My ultimate goal is to help you break into the data engineering field and become a more impactful data engineer. I'm excited to introduce a paid membership option to take this a step further and dedicate even more time to creating in-depth, practical content.
This will allow me to produce even higher-quality articles, diving deeper into the topics that matter most for your growth and making this whole endeavor more sustainable.
To celebrate this new milestone, I’m offering a limited-time 50% discount on the annual plan.
Intro
When everybody is talking about Delta Lake, Iceberg, and Hudi, we might forget there was an early effort more than 15 years ago to achieve the same thing that these three table formats are trying to achieve: bringing the table abstraction to the data lake.

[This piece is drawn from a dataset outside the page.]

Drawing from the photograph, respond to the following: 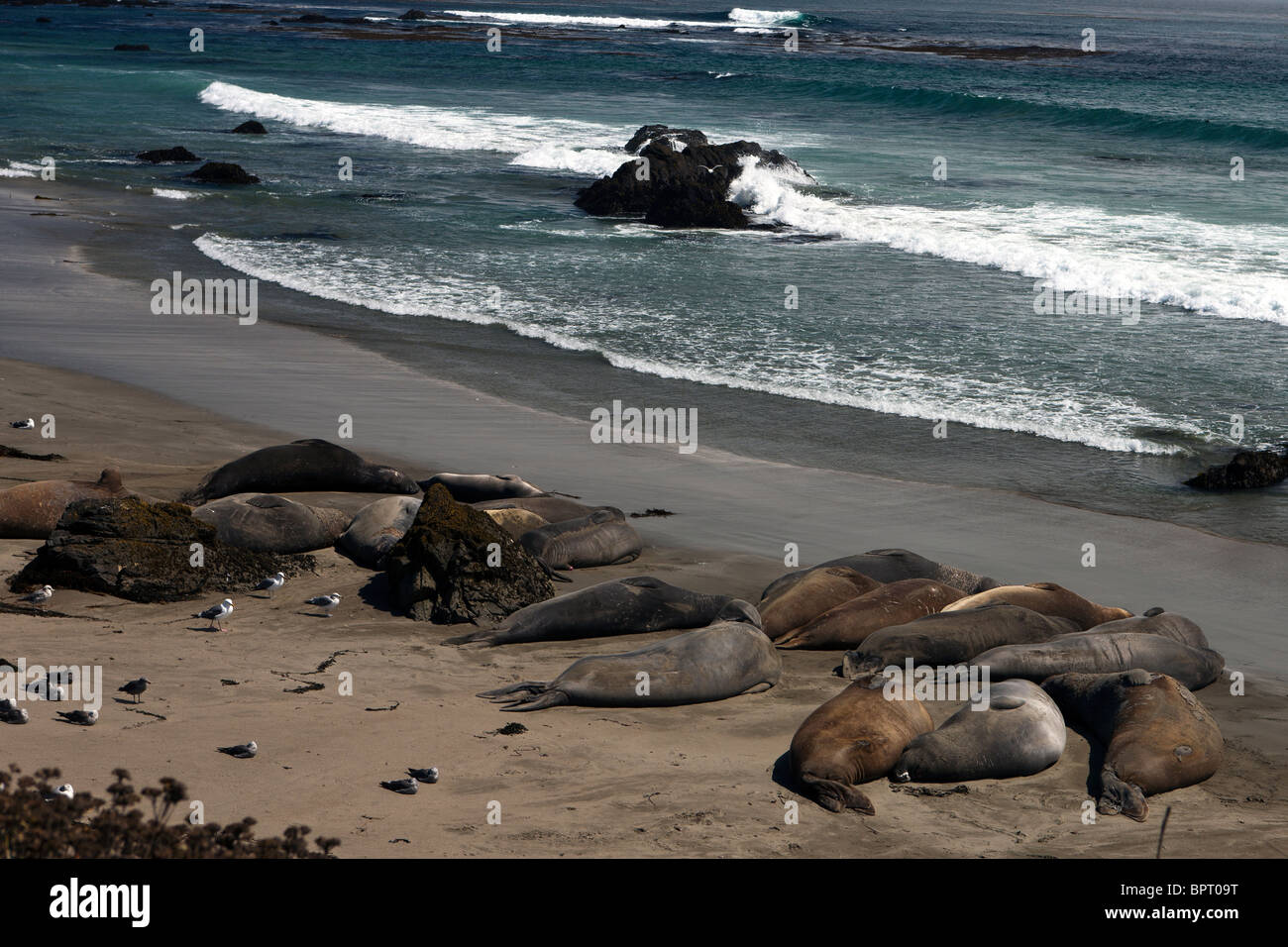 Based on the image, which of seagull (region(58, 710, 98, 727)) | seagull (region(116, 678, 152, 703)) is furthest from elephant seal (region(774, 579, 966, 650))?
seagull (region(58, 710, 98, 727))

Meta built Apache Hive to make Hadoop a complete warehouse solution. Since it is open-source, Hive has gained a lot of attention and is supported by most query engines. However, it soon showed limitations and was gradually replaced by modern table formats.

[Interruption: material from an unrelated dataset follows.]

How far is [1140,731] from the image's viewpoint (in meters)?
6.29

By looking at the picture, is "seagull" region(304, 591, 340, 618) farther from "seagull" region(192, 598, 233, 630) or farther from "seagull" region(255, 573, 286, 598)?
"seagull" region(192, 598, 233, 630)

I spent quite a lot of time learning Hive while researching the article “Why do we need open table formats like Delta Lake or Iceberg?” I thought having a dedicated article about Hive would be a good idea, given that I’ve already written about Delta Lake, Iceberg, and Hudi.

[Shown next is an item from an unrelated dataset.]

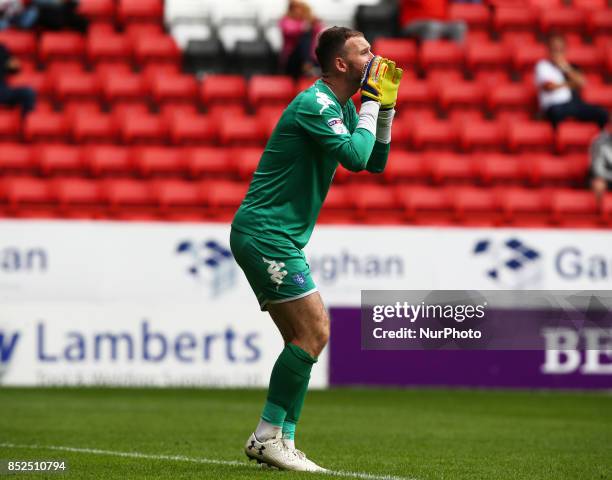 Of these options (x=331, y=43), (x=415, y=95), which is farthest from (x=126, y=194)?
(x=331, y=43)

This article will explore Hive's motivation, architecture, pros and cons, and why it falls behind.
Overview
Meta released a paper in 2009 to officially introduce Hive, an open-source data warehousing solution built on top of Hadoop. But surely, Meta worked with Hive sooner than that, when Hadoop started to gain its place in the big data world.
In Hadoop’s prime time, MapReduce was the apparent option for data processing. However, this programming model is pretty low-level and requires users to define the Map and Reduce tasks explicitly.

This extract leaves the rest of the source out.